TASK TO COMPLETE –
From the line that contains "CLASSY WITH FIRST" through the line that contains "Beige Printed Cotton Round Neck Blouse", output every line of the listing below exactly and leave out all the rest.

* * * * * * * * *

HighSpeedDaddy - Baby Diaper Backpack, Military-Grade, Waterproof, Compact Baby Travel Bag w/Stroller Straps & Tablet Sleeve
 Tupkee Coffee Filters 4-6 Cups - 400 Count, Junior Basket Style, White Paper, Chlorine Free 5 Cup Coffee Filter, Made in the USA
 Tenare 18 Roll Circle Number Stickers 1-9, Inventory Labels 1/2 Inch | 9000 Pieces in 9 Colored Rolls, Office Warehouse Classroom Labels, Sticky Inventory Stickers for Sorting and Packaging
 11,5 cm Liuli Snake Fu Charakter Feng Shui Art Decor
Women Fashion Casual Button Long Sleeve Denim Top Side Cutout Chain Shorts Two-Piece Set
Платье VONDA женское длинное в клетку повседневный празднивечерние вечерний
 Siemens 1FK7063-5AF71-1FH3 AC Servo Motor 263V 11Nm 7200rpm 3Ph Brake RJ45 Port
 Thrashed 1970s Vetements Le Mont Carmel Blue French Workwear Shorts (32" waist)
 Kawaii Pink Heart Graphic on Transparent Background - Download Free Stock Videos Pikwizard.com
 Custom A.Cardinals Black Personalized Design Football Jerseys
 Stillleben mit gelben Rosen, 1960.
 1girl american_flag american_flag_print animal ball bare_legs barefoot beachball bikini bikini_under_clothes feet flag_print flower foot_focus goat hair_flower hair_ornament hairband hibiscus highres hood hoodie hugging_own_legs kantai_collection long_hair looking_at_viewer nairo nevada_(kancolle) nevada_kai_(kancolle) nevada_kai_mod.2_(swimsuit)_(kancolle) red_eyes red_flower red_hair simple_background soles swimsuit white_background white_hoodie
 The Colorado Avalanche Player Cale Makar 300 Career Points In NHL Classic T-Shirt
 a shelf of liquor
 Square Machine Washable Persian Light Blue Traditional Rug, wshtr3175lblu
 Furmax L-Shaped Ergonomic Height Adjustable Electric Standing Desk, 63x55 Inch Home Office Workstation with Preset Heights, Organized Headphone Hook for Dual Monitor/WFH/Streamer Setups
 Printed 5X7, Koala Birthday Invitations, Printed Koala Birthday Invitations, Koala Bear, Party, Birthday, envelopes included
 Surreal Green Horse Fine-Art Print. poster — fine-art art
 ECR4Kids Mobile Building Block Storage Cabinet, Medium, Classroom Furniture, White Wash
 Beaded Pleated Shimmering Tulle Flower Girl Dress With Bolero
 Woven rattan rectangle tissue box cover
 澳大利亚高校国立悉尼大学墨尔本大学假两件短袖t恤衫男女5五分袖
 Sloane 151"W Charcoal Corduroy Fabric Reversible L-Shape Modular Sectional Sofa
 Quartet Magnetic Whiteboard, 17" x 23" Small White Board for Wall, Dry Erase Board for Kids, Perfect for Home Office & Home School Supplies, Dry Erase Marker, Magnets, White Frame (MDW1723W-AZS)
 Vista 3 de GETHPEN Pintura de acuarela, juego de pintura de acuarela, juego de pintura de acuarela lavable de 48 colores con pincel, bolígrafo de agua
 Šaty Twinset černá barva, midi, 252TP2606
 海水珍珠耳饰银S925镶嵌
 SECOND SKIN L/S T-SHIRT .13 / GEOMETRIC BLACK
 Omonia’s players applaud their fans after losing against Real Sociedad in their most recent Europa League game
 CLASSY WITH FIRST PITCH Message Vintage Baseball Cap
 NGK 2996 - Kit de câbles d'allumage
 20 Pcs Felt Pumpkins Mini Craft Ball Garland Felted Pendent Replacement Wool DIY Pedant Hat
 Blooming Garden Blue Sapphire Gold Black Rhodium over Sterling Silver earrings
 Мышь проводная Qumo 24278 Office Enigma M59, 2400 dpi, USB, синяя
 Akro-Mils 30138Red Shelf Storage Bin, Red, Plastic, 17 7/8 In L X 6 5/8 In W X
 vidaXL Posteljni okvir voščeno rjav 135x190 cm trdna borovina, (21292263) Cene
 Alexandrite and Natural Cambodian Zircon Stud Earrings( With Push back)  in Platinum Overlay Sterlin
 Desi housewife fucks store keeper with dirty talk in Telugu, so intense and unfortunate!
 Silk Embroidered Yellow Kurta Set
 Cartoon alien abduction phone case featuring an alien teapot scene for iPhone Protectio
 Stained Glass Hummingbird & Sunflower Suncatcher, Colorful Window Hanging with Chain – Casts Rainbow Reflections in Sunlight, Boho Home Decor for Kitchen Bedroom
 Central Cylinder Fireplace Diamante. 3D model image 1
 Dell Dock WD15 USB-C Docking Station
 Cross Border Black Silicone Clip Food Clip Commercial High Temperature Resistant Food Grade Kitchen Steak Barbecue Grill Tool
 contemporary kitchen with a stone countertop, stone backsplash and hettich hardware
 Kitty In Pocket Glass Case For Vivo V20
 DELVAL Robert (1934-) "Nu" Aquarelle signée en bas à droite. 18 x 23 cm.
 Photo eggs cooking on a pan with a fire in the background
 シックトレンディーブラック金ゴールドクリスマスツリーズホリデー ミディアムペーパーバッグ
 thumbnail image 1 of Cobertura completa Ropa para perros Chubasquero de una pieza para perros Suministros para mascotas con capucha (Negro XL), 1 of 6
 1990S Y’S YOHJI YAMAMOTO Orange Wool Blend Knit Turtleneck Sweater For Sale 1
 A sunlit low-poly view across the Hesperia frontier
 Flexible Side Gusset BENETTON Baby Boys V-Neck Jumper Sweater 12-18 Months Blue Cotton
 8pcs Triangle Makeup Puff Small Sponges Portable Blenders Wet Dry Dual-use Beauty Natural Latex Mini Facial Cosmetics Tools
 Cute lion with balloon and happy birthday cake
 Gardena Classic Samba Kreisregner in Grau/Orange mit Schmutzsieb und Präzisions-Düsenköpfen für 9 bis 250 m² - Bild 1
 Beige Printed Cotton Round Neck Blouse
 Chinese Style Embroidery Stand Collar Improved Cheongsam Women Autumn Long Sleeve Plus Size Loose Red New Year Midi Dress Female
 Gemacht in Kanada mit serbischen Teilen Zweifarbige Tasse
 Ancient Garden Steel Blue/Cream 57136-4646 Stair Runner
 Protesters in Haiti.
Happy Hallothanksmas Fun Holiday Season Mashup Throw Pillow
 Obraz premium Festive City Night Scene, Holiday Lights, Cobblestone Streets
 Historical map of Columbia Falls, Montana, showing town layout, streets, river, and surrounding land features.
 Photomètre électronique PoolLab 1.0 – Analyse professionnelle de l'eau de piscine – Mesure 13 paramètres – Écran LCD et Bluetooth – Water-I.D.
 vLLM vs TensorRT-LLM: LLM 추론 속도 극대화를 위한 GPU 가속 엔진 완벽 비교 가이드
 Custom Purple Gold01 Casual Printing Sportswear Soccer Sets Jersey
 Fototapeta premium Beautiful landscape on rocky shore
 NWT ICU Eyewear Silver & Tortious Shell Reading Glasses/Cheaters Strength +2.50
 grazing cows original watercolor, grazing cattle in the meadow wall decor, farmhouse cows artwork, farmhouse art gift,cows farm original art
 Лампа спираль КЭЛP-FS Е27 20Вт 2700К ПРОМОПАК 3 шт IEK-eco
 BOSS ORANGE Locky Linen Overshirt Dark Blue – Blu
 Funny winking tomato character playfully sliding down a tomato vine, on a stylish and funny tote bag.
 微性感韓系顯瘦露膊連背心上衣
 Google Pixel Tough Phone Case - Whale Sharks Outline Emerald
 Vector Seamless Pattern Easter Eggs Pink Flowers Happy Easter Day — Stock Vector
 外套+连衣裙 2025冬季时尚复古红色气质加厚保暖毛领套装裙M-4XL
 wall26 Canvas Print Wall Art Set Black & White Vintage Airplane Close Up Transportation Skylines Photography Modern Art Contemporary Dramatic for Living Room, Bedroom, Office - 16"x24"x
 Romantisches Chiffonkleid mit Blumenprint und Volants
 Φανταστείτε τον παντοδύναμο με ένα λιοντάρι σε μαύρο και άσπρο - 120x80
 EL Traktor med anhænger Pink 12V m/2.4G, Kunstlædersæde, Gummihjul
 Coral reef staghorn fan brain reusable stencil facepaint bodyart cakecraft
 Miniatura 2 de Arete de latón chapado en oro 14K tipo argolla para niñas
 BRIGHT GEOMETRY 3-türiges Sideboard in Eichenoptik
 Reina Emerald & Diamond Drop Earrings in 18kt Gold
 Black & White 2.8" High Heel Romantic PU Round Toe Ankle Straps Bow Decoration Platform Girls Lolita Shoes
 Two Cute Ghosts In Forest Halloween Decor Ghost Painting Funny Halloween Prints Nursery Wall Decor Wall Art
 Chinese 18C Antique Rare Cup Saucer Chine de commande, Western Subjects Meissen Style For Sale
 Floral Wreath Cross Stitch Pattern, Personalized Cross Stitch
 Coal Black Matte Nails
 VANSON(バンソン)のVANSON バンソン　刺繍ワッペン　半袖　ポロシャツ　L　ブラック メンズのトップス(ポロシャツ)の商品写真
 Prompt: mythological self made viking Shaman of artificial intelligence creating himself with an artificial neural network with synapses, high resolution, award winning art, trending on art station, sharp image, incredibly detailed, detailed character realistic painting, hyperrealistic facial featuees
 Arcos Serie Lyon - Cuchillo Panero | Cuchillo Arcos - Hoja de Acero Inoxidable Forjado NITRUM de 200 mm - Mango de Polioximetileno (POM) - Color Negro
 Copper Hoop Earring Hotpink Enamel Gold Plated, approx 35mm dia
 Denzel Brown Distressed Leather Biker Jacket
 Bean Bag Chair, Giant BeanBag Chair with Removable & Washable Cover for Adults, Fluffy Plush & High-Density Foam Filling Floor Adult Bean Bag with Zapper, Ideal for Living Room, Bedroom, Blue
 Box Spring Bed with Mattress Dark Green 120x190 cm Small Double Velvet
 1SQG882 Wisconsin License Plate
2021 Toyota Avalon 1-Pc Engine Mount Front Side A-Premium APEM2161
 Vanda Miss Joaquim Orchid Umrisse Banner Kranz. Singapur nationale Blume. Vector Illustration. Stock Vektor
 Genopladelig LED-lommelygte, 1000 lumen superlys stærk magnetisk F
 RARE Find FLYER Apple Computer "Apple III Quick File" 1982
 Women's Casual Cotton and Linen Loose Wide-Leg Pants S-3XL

* * * * * * * * *

FINAL ANSWER –
 CLASSY WITH FIRST PITCH Message Vintage Baseball Cap
 NGK 2996 - Kit de câbles d'allumage
 20 Pcs Felt Pumpkins Mini Craft Ball Garland Felted Pendent Replacement Wool DIY Pedant Hat
 Blooming Garden Blue Sapphire Gold Black Rhodium over Sterling Silver earrings
 Мышь проводная Qumo 24278 Office Enigma M59, 2400 dpi, USB, синяя
 Akro-Mils 30138Red Shelf Storage Bin, Red, Plastic, 17 7/8 In L X 6 5/8 In W X
 vidaXL Posteljni okvir voščeno rjav 135x190 cm trdna borovina, (21292263) Cene
 Alexandrite and Natural Cambodian Zircon Stud Earrings( With Push back)  in Platinum Overlay Sterlin
 Desi housewife fucks store keeper with dirty talk in Telugu, so intense and unfortunate!
 Silk Embroidered Yellow Kurta Set
 Cartoon alien abduction phone case featuring an alien teapot scene for iPhone Protectio
 Stained Glass Hummingbird & Sunflower Suncatcher, Colorful Window Hanging with Chain – Casts Rainbow Reflections in Sunlight, Boho Home Decor for Kitchen Bedroom
 Central Cylinder Fireplace Diamante. 3D model image 1
 Dell Dock WD15 USB-C Docking Station
 Cross Border Black Silicone Clip Food Clip Commercial High Temperature Resistant Food Grade Kitchen Steak Barbecue Grill Tool
 contemporary kitchen with a stone countertop, stone backsplash and hettich hardware
 Kitty In Pocket Glass Case For Vivo V20
 DELVAL Robert (1934-) "Nu" Aquarelle signée en bas à droite. 18 x 23 cm.
 Photo eggs cooking on a pan with a fire in the background
 シックトレンディーブラック金ゴールドクリスマスツリーズホリデー ミディアムペーパーバッグ
 thumbnail image 1 of Cobertura completa Ropa para perros Chubasquero de una pieza para perros Suministros para mascotas con capucha (Negro XL), 1 of 6
 1990S Y’S YOHJI YAMAMOTO Orange Wool Blend Knit Turtleneck Sweater For Sale 1
 A sunlit low-poly view across the Hesperia frontier
 Flexible Side Gusset BENETTON Baby Boys V-Neck Jumper Sweater 12-18 Months Blue Cotton
 8pcs Triangle Makeup Puff Small Sponges Portable Blenders Wet Dry Dual-use Beauty Natural Latex Mini Facial Cosmetics Tools
 Cute lion with balloon and happy birthday cake
 Gardena Classic Samba Kreisregner in Grau/Orange mit Schmutzsieb und Präzisions-Düsenköpfen für 9 bis 250 m² - Bild 1
 Beige Printed Cotton Round Neck Blouse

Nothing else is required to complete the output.